=== Exercise data ===
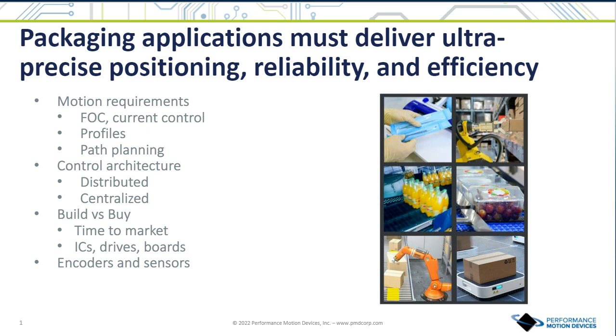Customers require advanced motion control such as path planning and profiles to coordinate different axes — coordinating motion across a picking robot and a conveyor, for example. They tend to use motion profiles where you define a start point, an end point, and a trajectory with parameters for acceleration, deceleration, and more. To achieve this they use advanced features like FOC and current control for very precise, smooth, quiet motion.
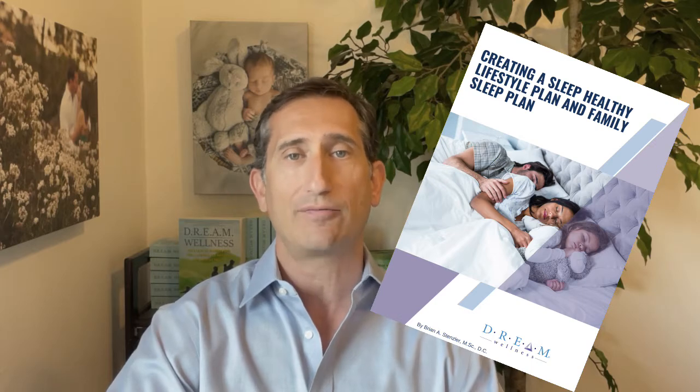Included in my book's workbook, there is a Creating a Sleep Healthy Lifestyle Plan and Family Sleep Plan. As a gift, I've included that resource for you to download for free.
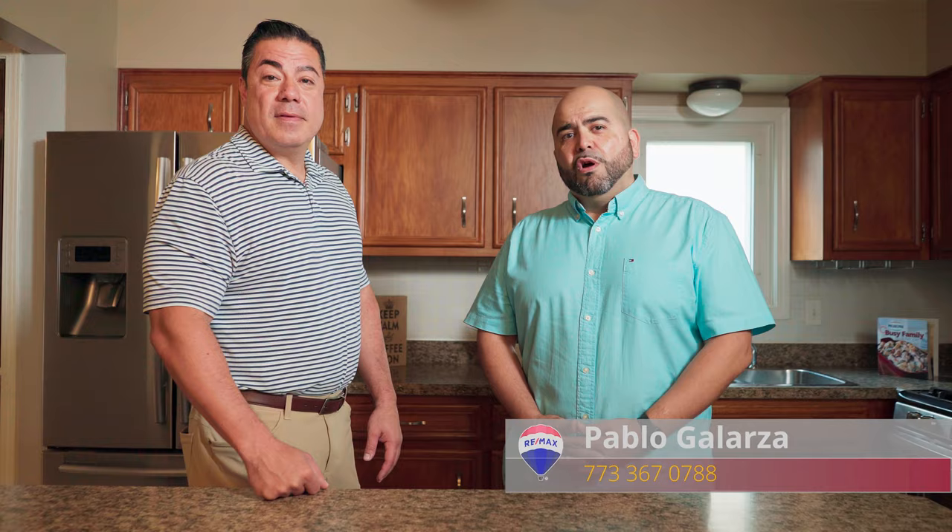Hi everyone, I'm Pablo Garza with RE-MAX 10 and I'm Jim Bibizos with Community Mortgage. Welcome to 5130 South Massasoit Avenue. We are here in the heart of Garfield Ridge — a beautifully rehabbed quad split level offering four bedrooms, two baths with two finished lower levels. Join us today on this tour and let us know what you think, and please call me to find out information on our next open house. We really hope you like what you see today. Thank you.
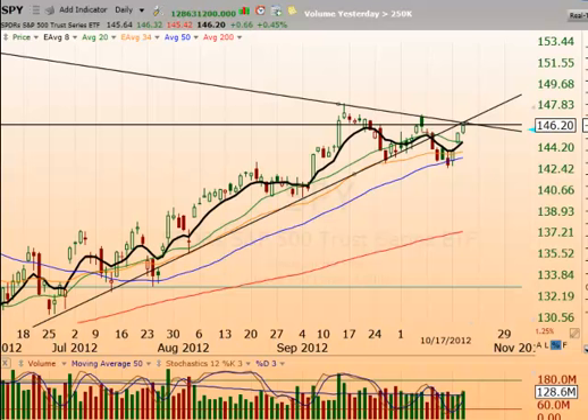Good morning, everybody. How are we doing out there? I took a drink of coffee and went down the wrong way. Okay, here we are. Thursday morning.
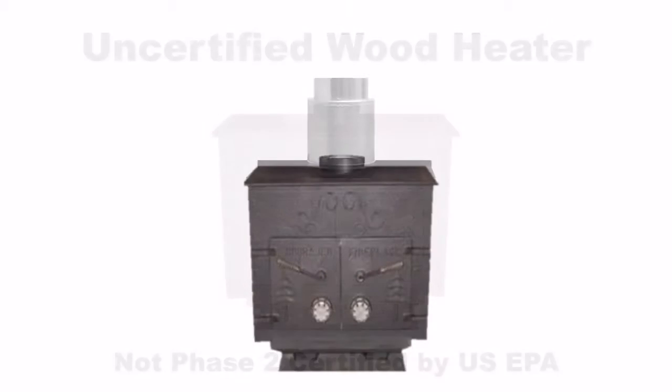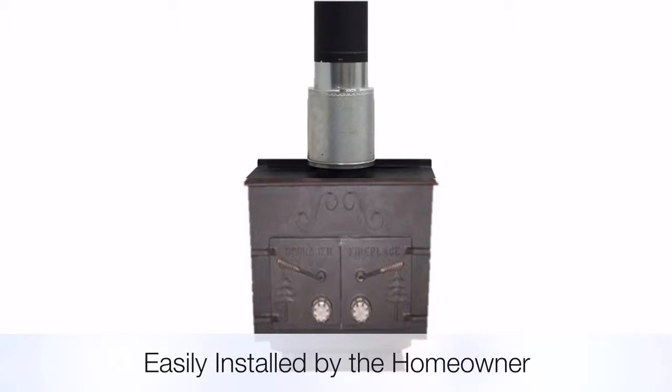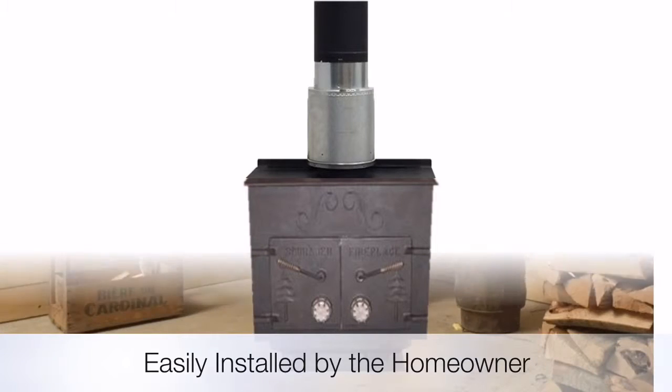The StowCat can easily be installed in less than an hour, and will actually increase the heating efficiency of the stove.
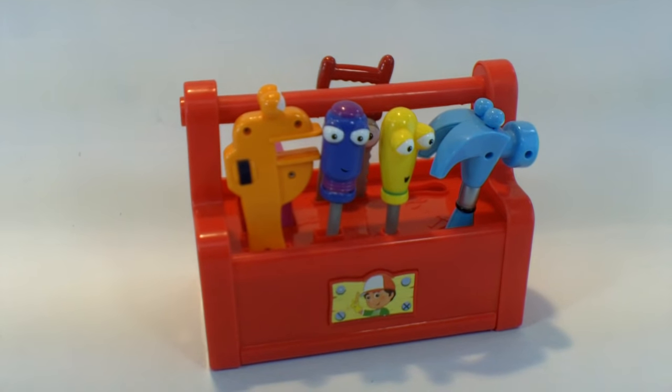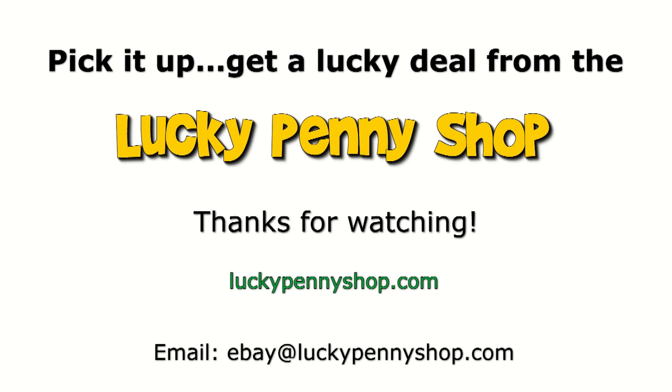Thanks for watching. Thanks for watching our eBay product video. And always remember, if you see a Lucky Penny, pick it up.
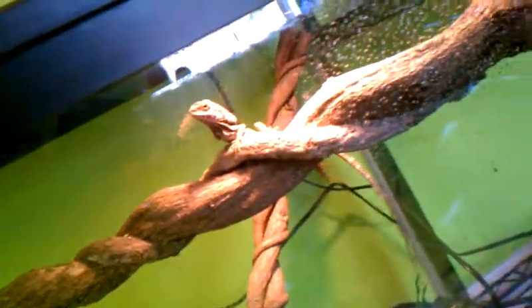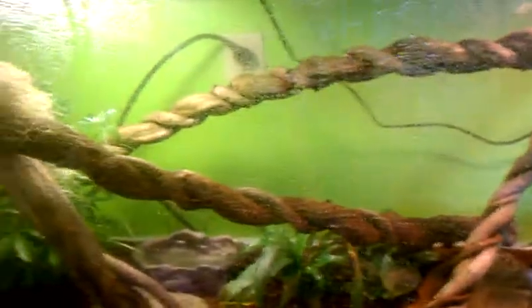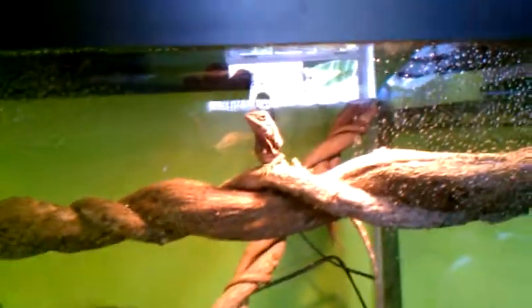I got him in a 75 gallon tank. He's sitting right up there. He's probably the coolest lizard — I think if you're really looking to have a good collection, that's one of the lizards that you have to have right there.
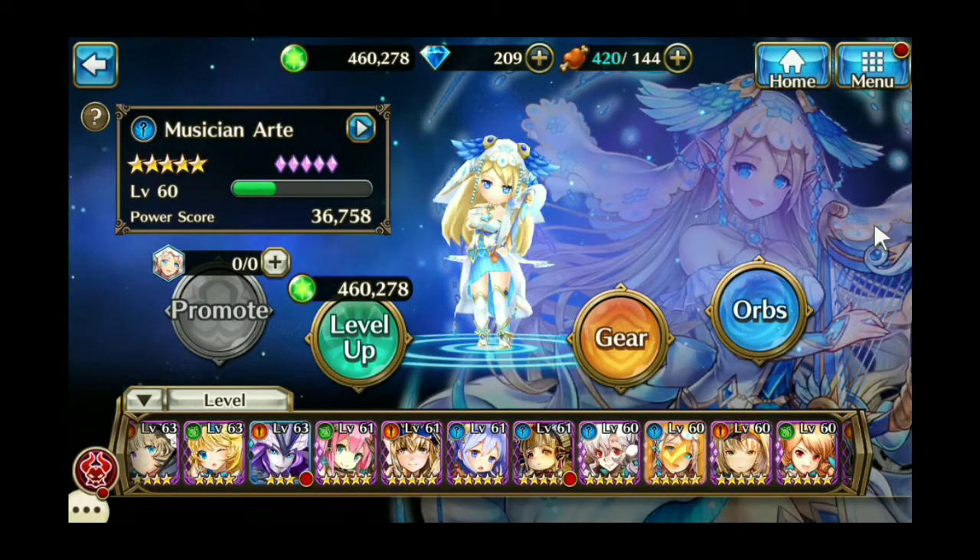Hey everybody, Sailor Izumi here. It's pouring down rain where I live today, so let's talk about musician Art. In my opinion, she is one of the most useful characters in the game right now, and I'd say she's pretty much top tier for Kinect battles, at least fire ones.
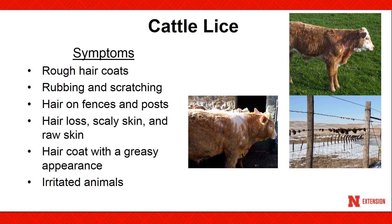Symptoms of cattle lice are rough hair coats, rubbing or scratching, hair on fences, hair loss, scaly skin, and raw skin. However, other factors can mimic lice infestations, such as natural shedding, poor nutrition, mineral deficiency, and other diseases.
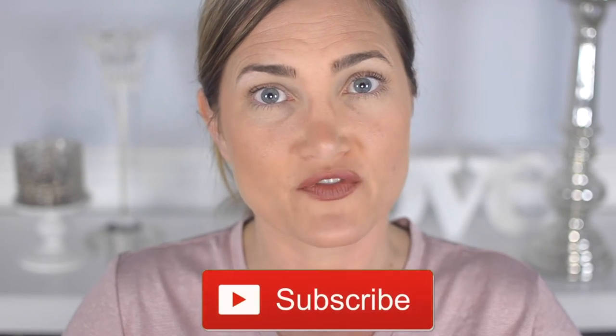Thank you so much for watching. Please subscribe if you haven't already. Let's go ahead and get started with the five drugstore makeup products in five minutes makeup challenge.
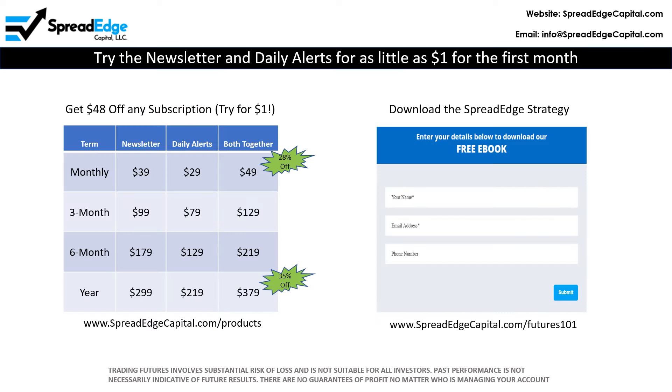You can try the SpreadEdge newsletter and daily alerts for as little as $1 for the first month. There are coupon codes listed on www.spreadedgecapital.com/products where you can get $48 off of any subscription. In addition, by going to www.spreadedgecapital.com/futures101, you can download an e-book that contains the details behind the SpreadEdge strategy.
===
» Prompt
Copy out the material above in full and exactly, but with no pictures.

» Solution
Customers require advanced motion control such as path planning and profiles to coordinate different axes — coordinating motion across a picking robot and a conveyor, for example. They tend to use motion profiles where you define a start point, an end point, and a trajectory with parameters for acceleration, deceleration, and more. To achieve this they use advanced features like FOC and current control for very precise, smooth, quiet motion.
Included in my book's workbook, there is a Creating a Sleep Healthy Lifestyle Plan and Family Sleep Plan. As a gift, I've included that resource for you to download for free.
Hi everyone, I'm Pablo Garza with RE-MAX 10 and I'm Jim Bibizos with Community Mortgage. Welcome to 5130 South Massasoit Avenue. We are here in the heart of Garfield Ridge — a beautifully rehabbed quad split level offering four bedrooms, two baths with two finished lower levels. Join us today on this tour and let us know what you think, and please call me to find out information on our next open house. We really hope you like what you see today. Thank you.
Good morning, everybody. How are we doing out there? I took a drink of coffee and went down the wrong way. Okay, here we are. Thursday morning.
The StowCat can easily be installed in less than an hour, and will actually increase the heating efficiency of the stove.
Thanks for watching. Thanks for watching our eBay product video. And always remember, if you see a Lucky Penny, pick it up.
I got him in a 75 gallon tank. He's sitting right up there. He's probably the coolest lizard — I think if you're really looking to have a good collection, that's one of the lizards that you have to have right there.
Hey everybody, Sailor Izumi here. It's pouring down rain where I live today, so let's talk about musician Art. In my opinion, she is one of the most useful characters in the game right now, and I'd say she's pretty much top tier for Kinect battles, at least fire ones.
Symptoms of cattle lice are rough hair coats, rubbing or scratching, hair on fences, hair loss, scaly skin, and raw skin. However, other factors can mimic lice infestations, such as natural shedding, poor nutrition, mineral deficiency, and other diseases.
Thank you so much for watching. Please subscribe if you haven't already. Let's go ahead and get started with the five drugstore makeup products in five minutes makeup challenge.
You can try the SpreadEdge newsletter and daily alerts for as little as $1 for the first month. There are coupon codes listed on www.spreadedgecapital.com/products where you can get $48 off of any subscription. In addition, by going to www.spreadedgecapital.com/futures101, you can download an e-book that contains the details behind the SpreadEdge strategy.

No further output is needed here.